Об этом говорит уже хотя бы список книг и рукописей коллекции, составленный самим Сулакадзевым. Весьма выразительно само название списка: «Книгорек, то есть каталог древним книгам как письменным, так и печатным, из числа коих по суеверию многие были прокляты на соборах, а иные в копиях сожжены, хотя бы оные одной истории касались; большая часть оных писана на пергамине, иные на кожах, на буковых досках, берестяных листах, на холсте толстом, напитанном составом, и другие». Вот некоторые из интереснейших названий разделов «Книгорека» Сулакадзева: «Книги не признаваемые, коих ни читать, ни держать в домах не дозволено», «Книги, называемые еретические», «Книги отреченные».
Историки признаются, что «Книгорек» упоминал ряд реально существовавших, но неизвестных в оригиналах или списках произведений отечественной и славянской письменности. Ученые мечтали разыскать их». Почему мечтали? Одни — чтобы прочесть и изучить. Другие — чтобы прочесть и уничтожить. Надо полагать, что успеха, к сожалению, добились вторые. Потому что судьба огромной и, как мы теперь начинаем понимать, исключительно ценной коллекции Сулакадзева была трагической. Фактически она была уничтожена. Вот как это было сделано.

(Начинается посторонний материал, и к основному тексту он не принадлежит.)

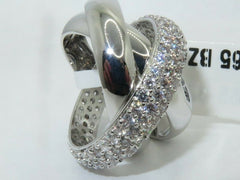 Jewellery Kingdom Cubic Zirconia Silver Rhodium Interlocking Bridal Ladies Russian Wedding Band Rings - Jewelry Rings - British D'sire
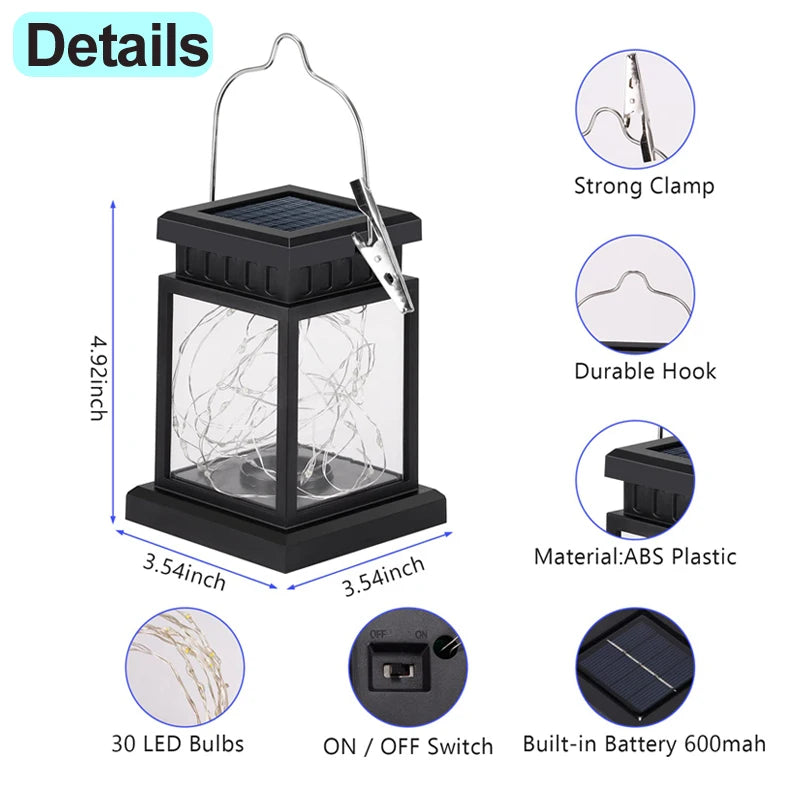 Solar LED Lights Outdoor Focus Floor Lanterns Panel Candle Terraza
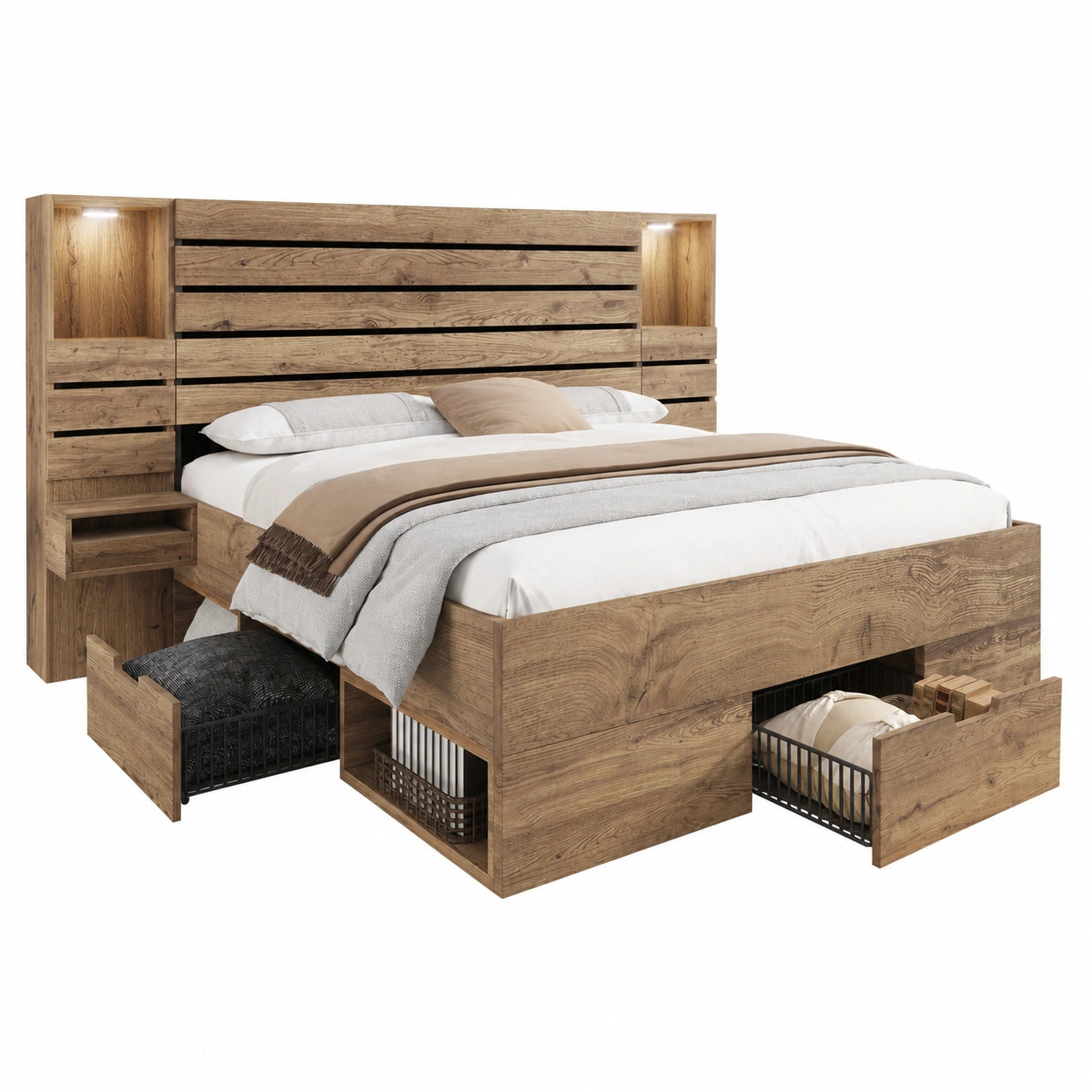 Modernes Holzbett 180x200 cm mit LED-Beleuchtung und USB-C, schwebende Nachttische, Eichenoptik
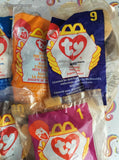 Vintage 1990's McDonald's TY Teeny Beanie Babies Set/16, New in Open/Resealed Bags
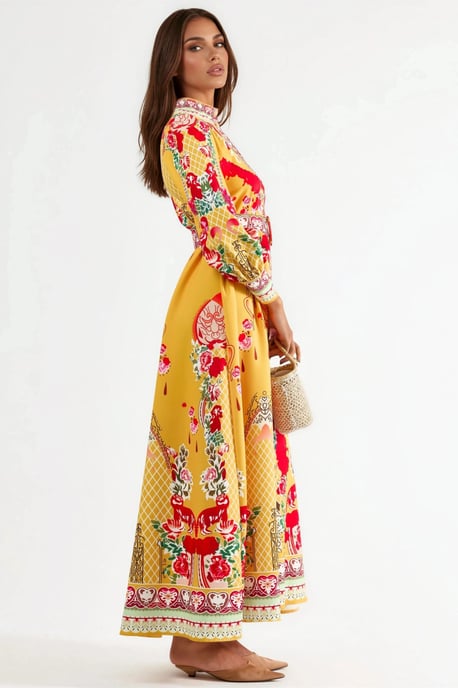 Bloemen Maxi Jurk met Ceintuur - Image 4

В.П. Козлов: «Рукописное и книжное собрание Сулакадзева… было распылено после смерти владельца, а значительная часть, по-видимому, вообще оказалась утраченной». Получается, что во всем «виноват» сам Сулакадзев. Это он якобы неправильно убедил свою жену в мнимой ценности своей коллекции. А потому «обманутая мужем вдова» не хотела распылять коллекцию и хотела продать ее только в одни руки. Сообщается далее, что «петербургские и московские коллекционеры, поначалу проявившие живой интерес к коллекции Сулакадзева, вскоре объявили вдове едва ли не бойкот».

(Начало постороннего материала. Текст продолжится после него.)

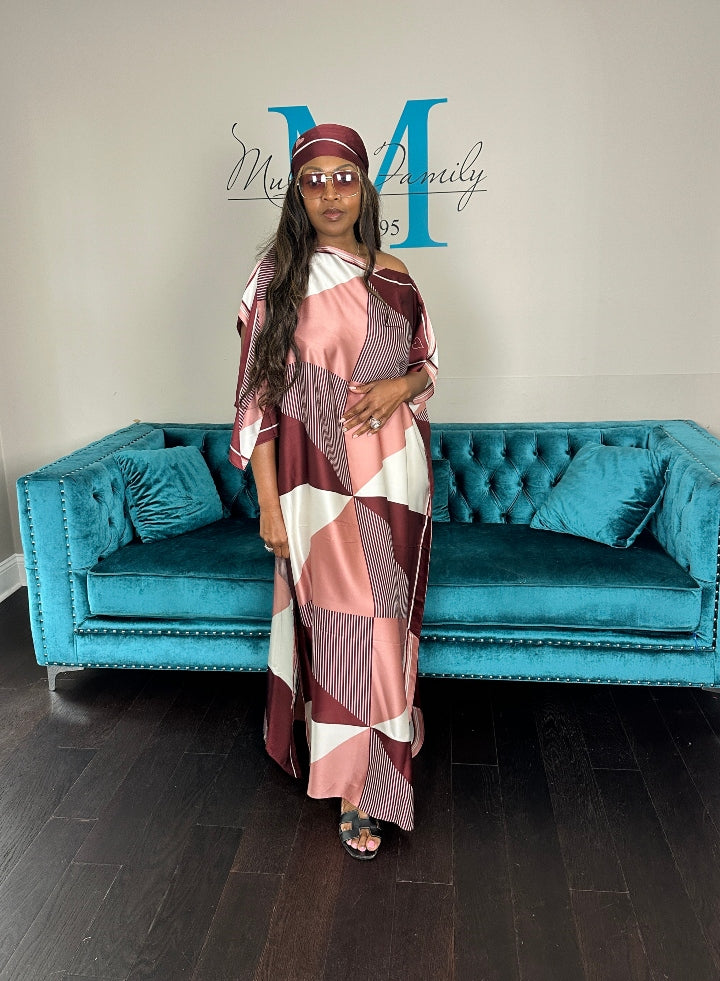 Vacation Vibes Kaftan Maxi Dress with Matching Scarf  -  Burgundy Pink Cream Blend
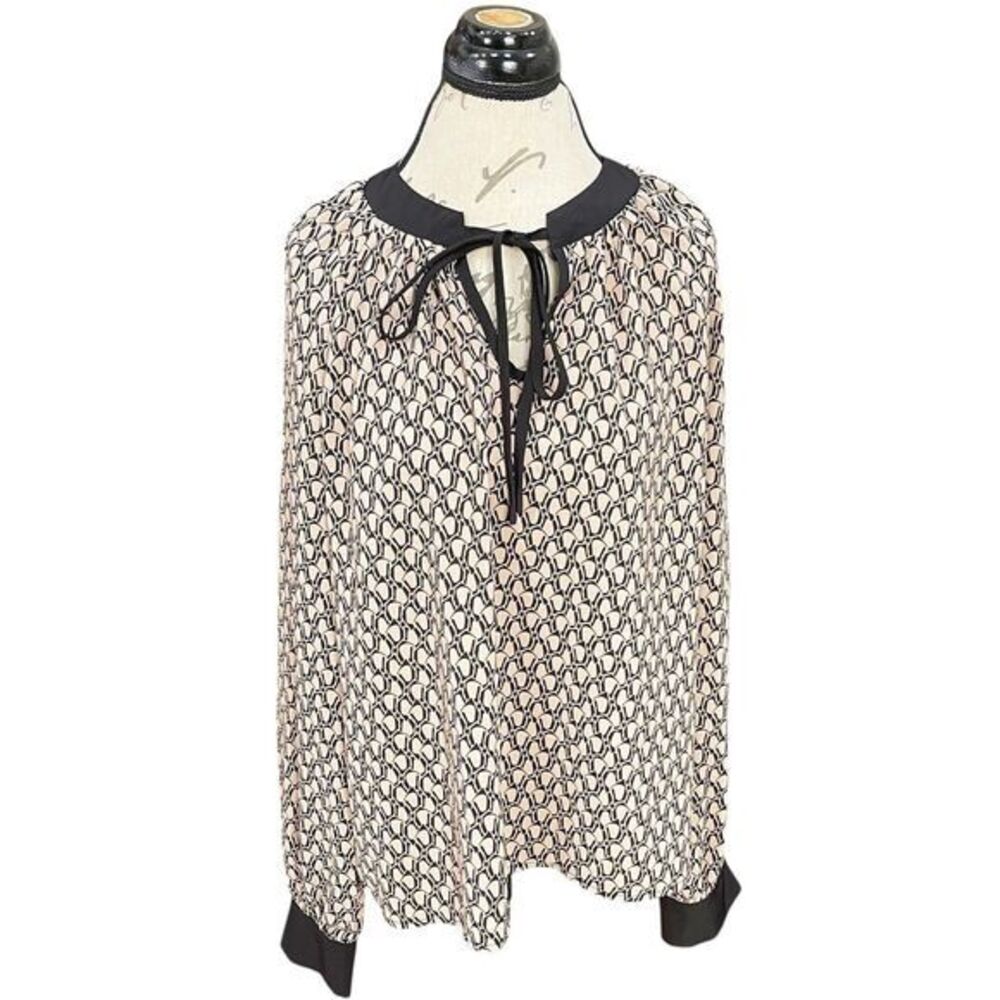Shein Womens Blouse Sz Large Black Beige Bow Tied Retro Monochrome Parisian Chic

О печальной судьбе, по-видимому, большей части рукописей и книг рассказал библиограф Я.Ф. Березин-Ширяев. В декабре 1870 года на Апраксином дворе в Петербурге в книжной лавке он увидел «множество книг, лежавших в нескольких кулях и на полу. Почти все книги были в старинных кожаных переплетах, а многие из них даже в белой бараньей коже… На следующий день я узнал, что книги, виденные мною в лавке Шапкина, принадлежали известному библиофилу Сулакадзеву, они сохранялись несколько лет, сложенные в кулях где-то в сарае или на чердаке, и куплены Шапкиным за дешевую цену». Березин-Ширяев приобрел у купца Шапкина «все иностранные книги, которых было более ста томов, а также часть и русских». О ценности коллекции Сулакадзева красноречиво говорит уже хотя бы тот факт, что в числе валявшихся у Шапкина на полу книг были издания середины XVI века.

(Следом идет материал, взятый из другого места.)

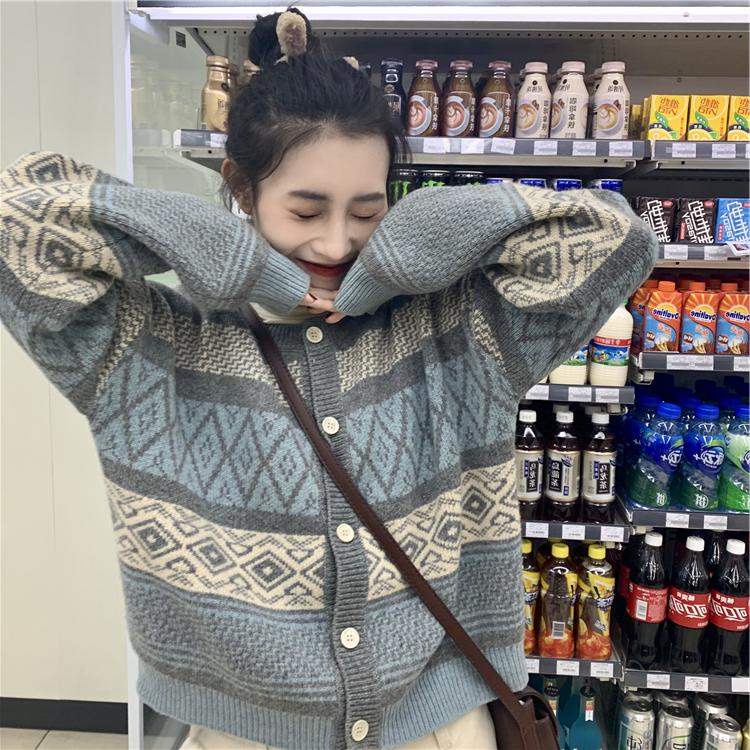 Hàng Sẵn_ Áo len cardigan dệt kim ngắn phong cách retro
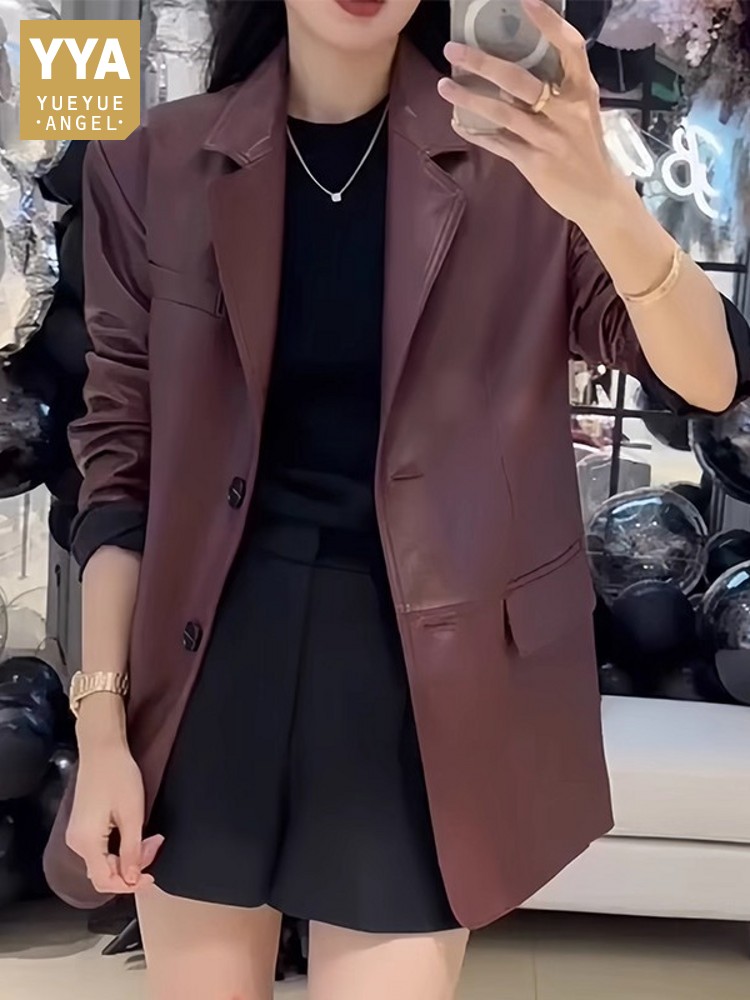 Leather Work Jacket Women'S - Autumn Office Ladies Work Mid Long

Обращает на себя внимание любопытное обстоятельство. Первые покупки книг у вдовы Сулакадзева были сделаны известными петербургскими коллекционерами П.Я. Актовым и А.Н. Кастериным. Надо полагать, они скупили наиболее ценные книги коллекции. И что же мы видим? Именно эти книги Сулакадзева «почему-то» не сохранились полностью. Например, Кастерин распродавал книги Сулакадзева еще в 1847 году. Уничтожил «крамольные книги», а остальные, проданные ему «в нагрузку» якобы алчной вдовой Сулакадзева, продавал за ненадобностью? Характерно, что книги Сулакадзева, купленные уже после этого Березиным-Ширяевым и Дуровым у Шапкина, сохранились полностью. Не потому ли, что Березин-Ширяев и Дуров приобретали книги уже из вторых рук, после того как коллекция Сулакадзева прошла жесткую «цензурную чистку». Все «опасное» в ней, надо полагать, было уже успешно уничтожено.
Между прочим, Сулакадзев сам указывал на то, что некоторые особо ценимые романовско-скалигеровскими историками источники являются позднейшими подделками. Так, он писал: «Песни древние Кирши Данилова я считаю все новыми XVII века, ибо в них весь стиль и действие не древние, даже имена являют смесь выдуманного с мнимыми названиями, схожими на старинные». Историки по этому поводу не удерживаются от того, чтобы не разразиться гневными комментариями: «Поражают апломб, самоуверенность его (Сулакадзева. — Авт.) суждения и оценок» (В.П. Козлов).